This inspection constitutes one annual licensed operator requalification inspection sample as defined in IP 71111.11A.
b. Findings
No findings were identified.
.3 Biennial Review
a. Inspection Scope
The following inspection activities were conducted during the weeks of September 26 and October 3, 2011, to assess: 1) the effectiveness and adequacy of the facility licensees implementation and maintenance of its systems approach to training (SAT) based LORT program, put into effect to satisfy the requirements of 10 CFR 55.59; 2) conformance with the requirements of 10 CFR 55.46 for use of a plant referenced simulator to conduct operator licensing examinations and for satisfying experience requirements; and, 3) conformance with the operator license conditions specified in 10 CFR 55.53. The documents reviewed are listed in the Attachment to this report.
- Facility Operating History and Licensee Training Feedback System (10 CFR 55.59(c); SAT element 5 as defined in 10 CFR 55.4): The inspectors evaluated the licensees ability to assess the effectiveness of its LORT program and their ability to implement appropriate corrective actions to maintain its LORT Program up-to-date. The inspectors reviewed documents related to the plants operating history and associated responses (e.g., plant issue matrix (PIM)and PPR [plant performance review] reports; recent examination and inspection reports (IRs); and LERs). The inspectors reviewed the use of feedback from operators, instructors, and supervisors as well as the use of feedback from plant events and industry experience information. The inspectors reviewed the licensees quality assurance oversight activities, including licensee training department self-assessment reports.
- Licensee Requalification Examinations (10 CFR 55.59(c); SAT Element 4 as defined in 10 CFR 55.4): The inspectors reviewed the licensees program for development and administration of the LORT biennial written examination and annual operating tests to assess the licensees ability to develop and administer examinations that are acceptable for meeting the requirements of 10 CFR 55.59(a).

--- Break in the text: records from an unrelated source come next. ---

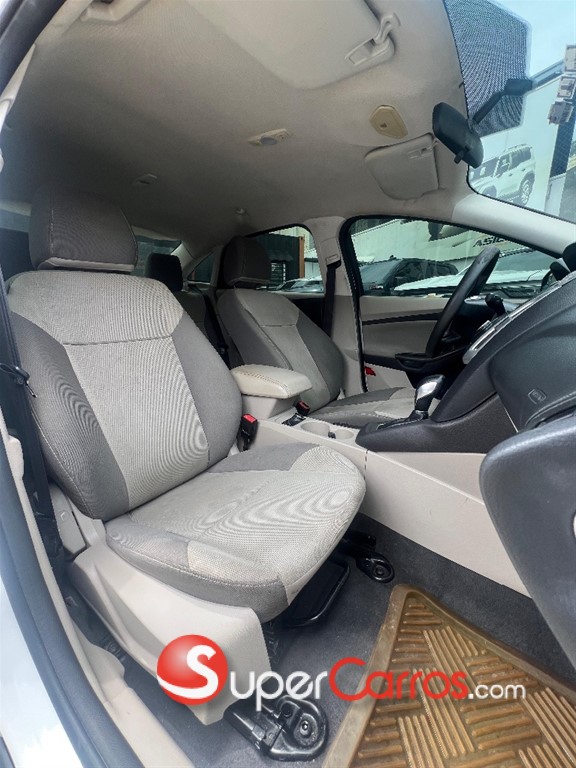 2014 Ford Focus SE — foto 7 / 9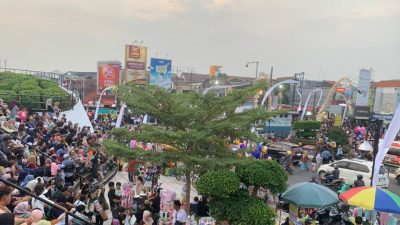 Warga Padati Alun-alun Karawang Saksikan Kirab Mahkota Binokasih Sanghyang Pake
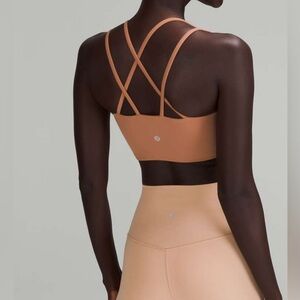Lululemon sports like a cloud Bra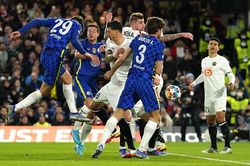 Nhẹ nhàng hạ Lille trên sân nhà, Chelsea đặt một chân vào tứ kết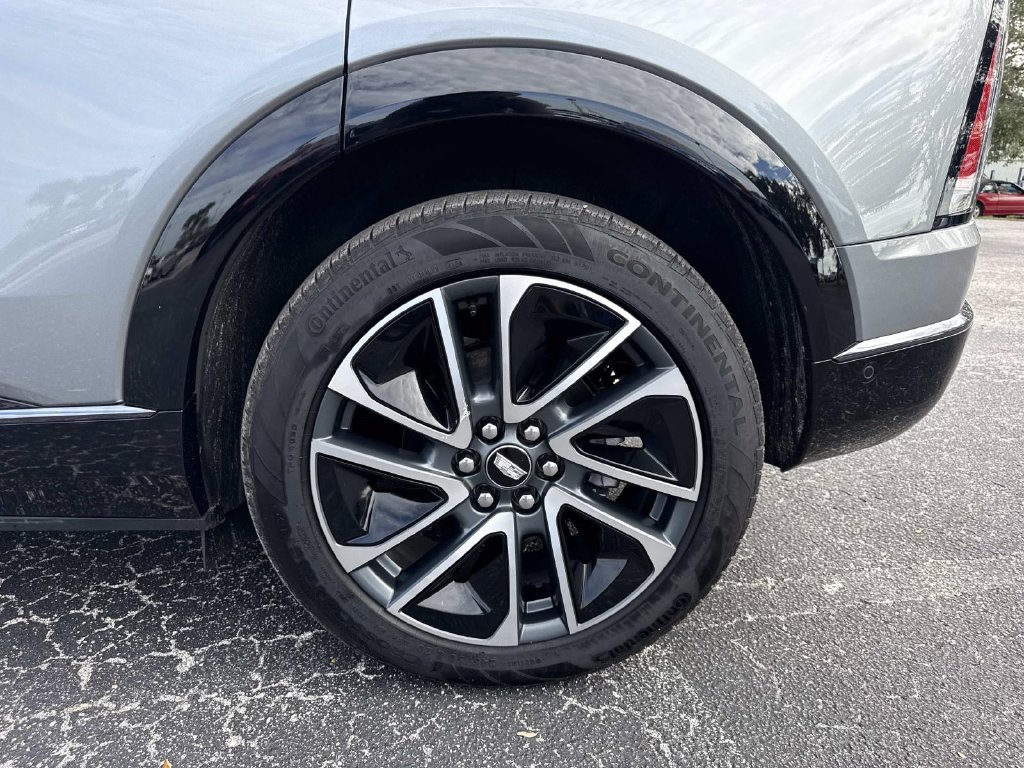 New 2025 Cadillac Optiq Sport 1 AWD/4WD image 11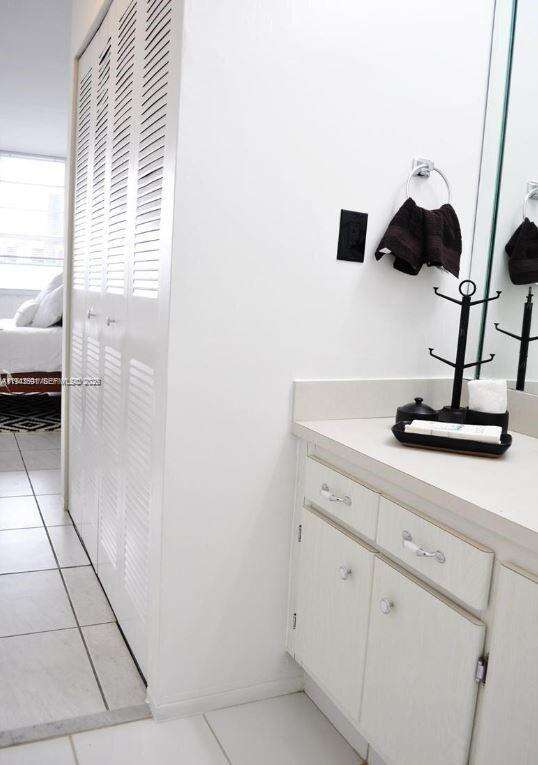 Decoplage Unit #522 | Picture 5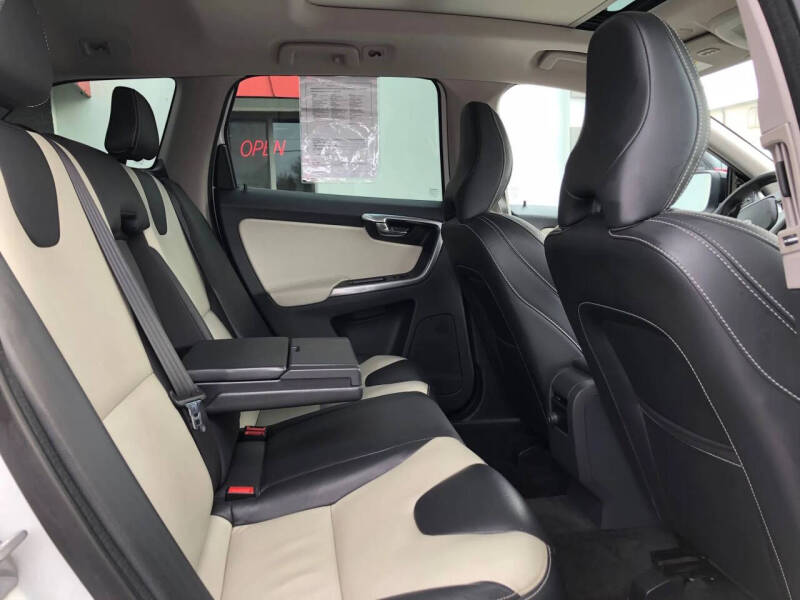 2017 Volvo XC60 T6 Dynamic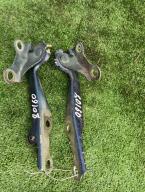 Фотография Петля капота комплект TOYOTA VITZ 2004г.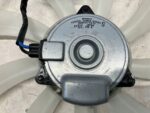 YARIS IV MAZDA 2 HYBRYDA WENTYLATOR CHŁODNICY Z SILNIKIEM 16363-K0020 - obrazek 4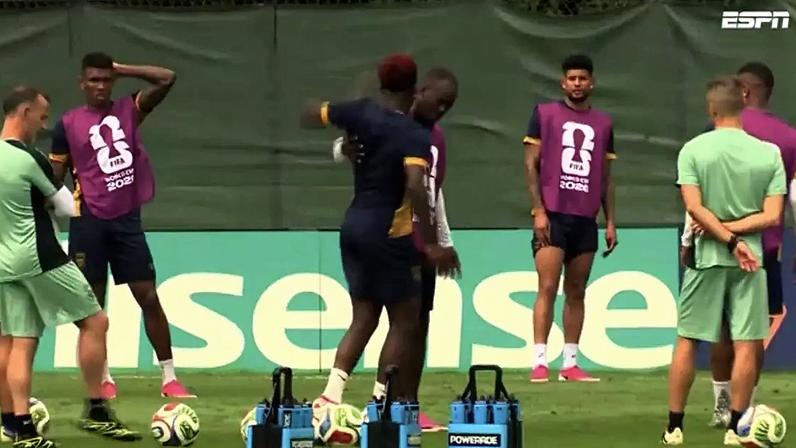 Jogadores do Panamá discutem durante treino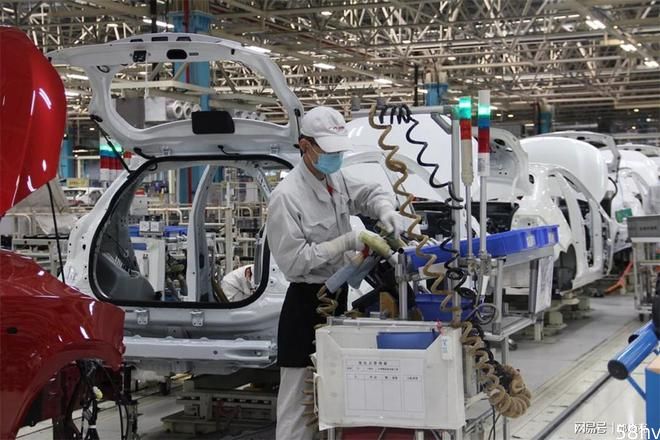 外贸订单骤降40%！工人停工降薪潮恐来袭 中国制造业“惹”了谁？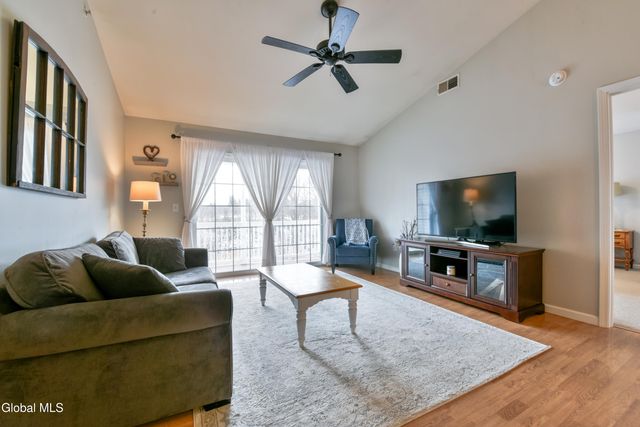 410 Cedar Run, Rensselaer, NY 12144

- The inspectors reviewed the methodology used to construct the examination including content, level of difficulty, and general quality of the examination/test materials. The inspectors also assessed the level of examination material duplication from week-to-week for both the operating tests conducted during the current year, as well as the written examinations administered on October 6, 2011. The inspectors reviewed a sample of the written examinations and associated answer keys to check for consistency and accuracy.

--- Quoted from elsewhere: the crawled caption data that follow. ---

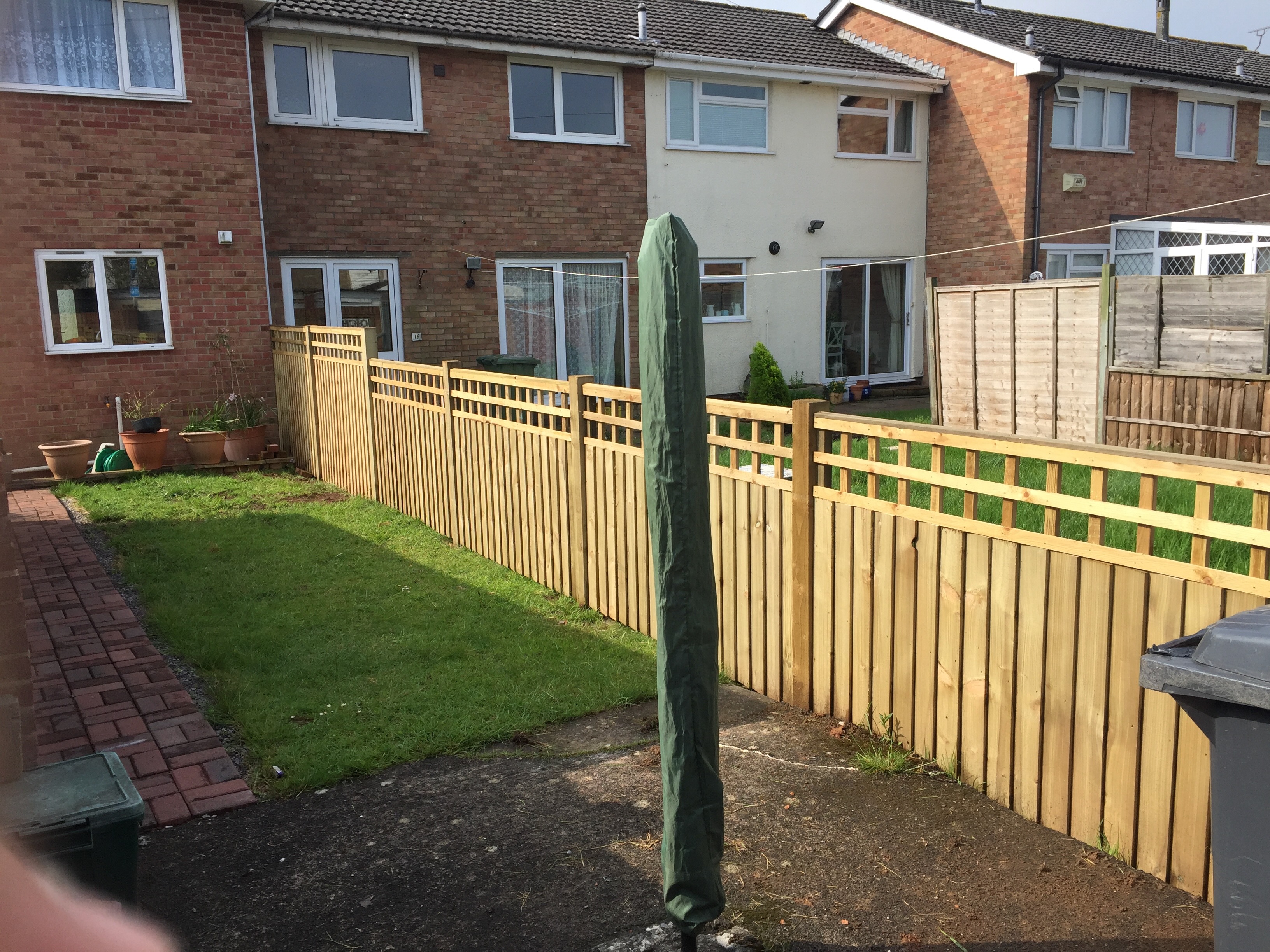 Trellis top closeboard panels and 4x4 posts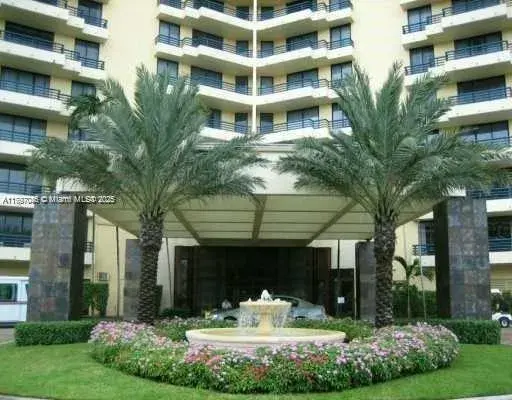 3300 NE 191st St # 806, Aventura FL 33180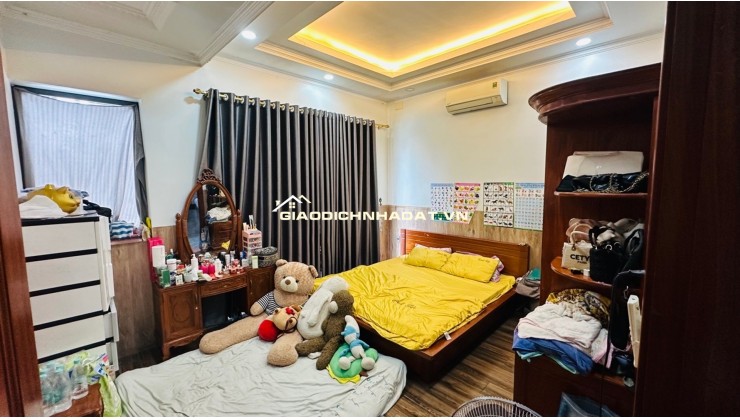 Bán nhà 4 tầng diện tích lớn 240m2 tại đường Trung Mỹ Tây 17 Quận 12 giá 13.8 tỷ sổ hồng riêng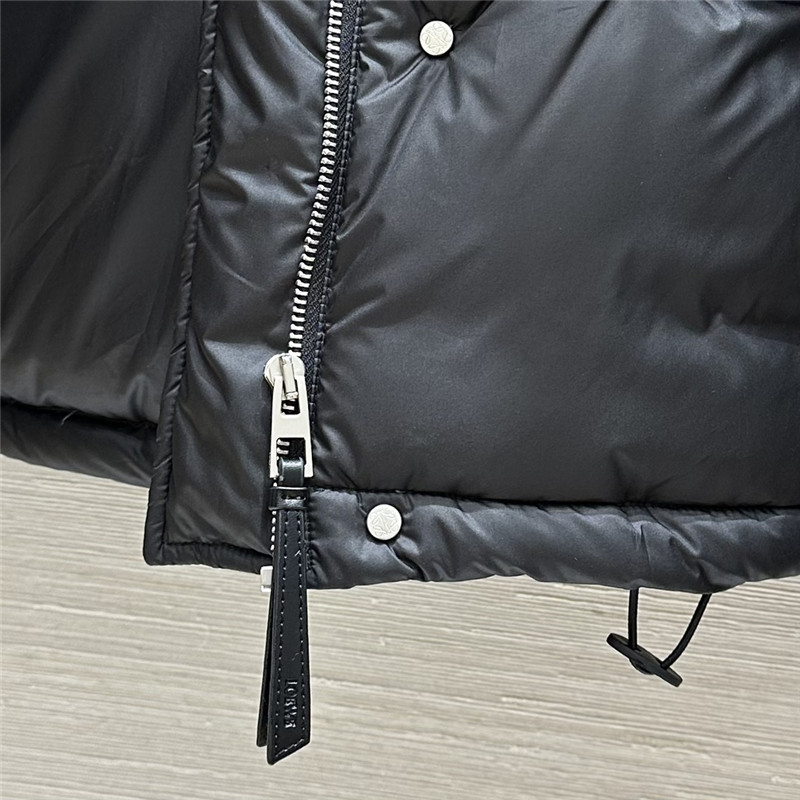 L0ew* quilted short down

- The inspectors observed the administration of the annual operating test and biennial written examination to assess the licensees effectiveness in conducting the examinations, including the conduct of pre-examination briefings, evaluations of individual operator and crew performance, and post examination analysis. The inspectors evaluated the performance of Crew 5 in parallel with the facility evaluators during two dynamic simulator scenarios, and evaluated various licensed crew members concurrently with facility evaluators during the administration of several job performance measures.
- The inspectors assessed the adequacy and effectiveness of the remedial training conducted since the last requalification examinations and the training planned for the current examination cycle to ensure that they addressed weaknesses in licensed operator or crew performance identified during training and plant operations. The inspectors reviewed remedial training procedures and individual remedial training plans.
- Conformance with Exam Integrity in 10 CFR 55.49: The inspectors reviewed the licensees processes related to examination physical security (e.g., access restrictions and simulator considerations) and integrity (e.g., predictability and bias) to verify compliance with 10 CFR 55.49, Integrity of Examinations and Tests. The inspectors observed the licensees implementation of examination security practices throughout the onsite inspection visit.
- Conformance with Simulator Requirements Specified in 10 CFR 55.46:
The inspectors assessed the adequacy of the licensees simulation facility (simulator) for use in operator licensing examinations and for satisfying experience requirements. The inspectors reviewed a sample of simulator performance test records (e.g., transient tests, malfunction tests, scenario based tests, post-event tests, steady state tests, and core performance tests), simulator discrepancies, and the process for ensuring continued assurance of simulator fidelity in accordance with 10 CFR 55.46. The inspectors reviewed and evaluated the discrepancy corrective action process to ensure that simulator fidelity was being maintained. Open simulator discrepancies were reviewed for importance relative to the impact on 10 CFR 55.45 and 55.59 operator actions as well as on nuclear and thermal hydraulic operating characteristics.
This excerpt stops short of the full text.